Illustration by Victor Camba

At an early age, I learned that streaking gets a huge laugh. I’d be splish splashing, taking a bath and I’d hear my half-brother, Augie—imagine a blonde Marky Mark—in the living room with his 18-year-old friends. Living in a neighborhood without many kids, I was looking for any friends I could get. The sight of a naked three-year-old sprinting back-and-forth full-speed then bending over and spreading his butt cheeks as a coup de grace always made the room erupt with laughs. People loved me. I daringly spat in pedophilia’s face.
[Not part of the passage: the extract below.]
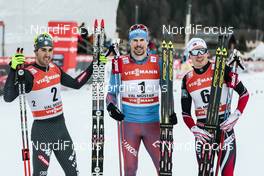 31.12.2016, Val Mustair, Switzerland (SUI): Federico Pellegrino (ITA), Sergey Ustiugov (RUS), Finn Haagen Krogh (NOR), (l-r) - FIS world cup cross-country, tour de ski, individual sprint, Val Mustair (SUI). www.nordicfocus.com. © Modica/NordicFocus. Every downloaded picture is fee-liable.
Being a product of the late 80s/early 90s meant that more toys, TV, movies, and merchandise were geared to my age demographic than ever before. Reagan was out, Bush Sr. was in, and the economy was booming. We were shaking hands with Saddam, and things were looking pretty. These were also the days of Jeffrey Dahmer. America’s Most Wanted and Unsolved Mysteries aired weekly. There was an undercurrent of fear that permeated everything, making every trip to Disneyland or Chuck E. Cheese’s a little scary and that much more frightening if you turned around and your mom wasn’t standing there.
Most parents turned overly protective, not only to shield their kids of any “stranger danger” but to shield from any of the negative experiences they had growing up. Mom and Dad were another case entirely; they took the other road of being more hands off. They trusted me, but only after I proved myself capable of not answering the door when a stranger came knocking. They encouraged autonomy in me through trust. They protected me by teaching me how to be aware of my surroundings, by not coddling me, by not spoiling me. Instead, they guided me and my interests.
I never had a baby sitter. Most of my parents’ “dates” included me. We would all go out for dinner and then head to the local arcade, the “Boardwalk,” and spend the night playing video games and pinball. I’d walk out with all kinds of prizes—mostly cheap novelties that stretched or exploded or were just slime. Whatever the case was, they all smelled horrible. My parents showed their love for me by including me. If I punched a kid at school after he took the first swing, they defended me. If I wanted to see a movie, good or bad, Jurassic Park or The Flintstones, we’d all get in the Subaru and head to the drive-in. They let me stay home by myself, they told the local video store clerk to let me rent whatever I wanted (except Natural Born Killers, that was smart of them), because they wanted to instill trust. And because of that, they knew I’d want to reciprocate that trust, because that trust and their love were one and the same.
Mom and Dad wanted to support my hobbies, even if it meant me spending the whole weekend reading comics and watching movies. At the same time they wanted me to go out and see the world, even if it meant cuts, bruises, or running from police after someone called the cops on my friends and me for skating (according to many T-shirts, it’s not a crime). Mom and Dad wanted me to make my own life, not shape it for me.
Thanks to that, I never had a teen angst phase!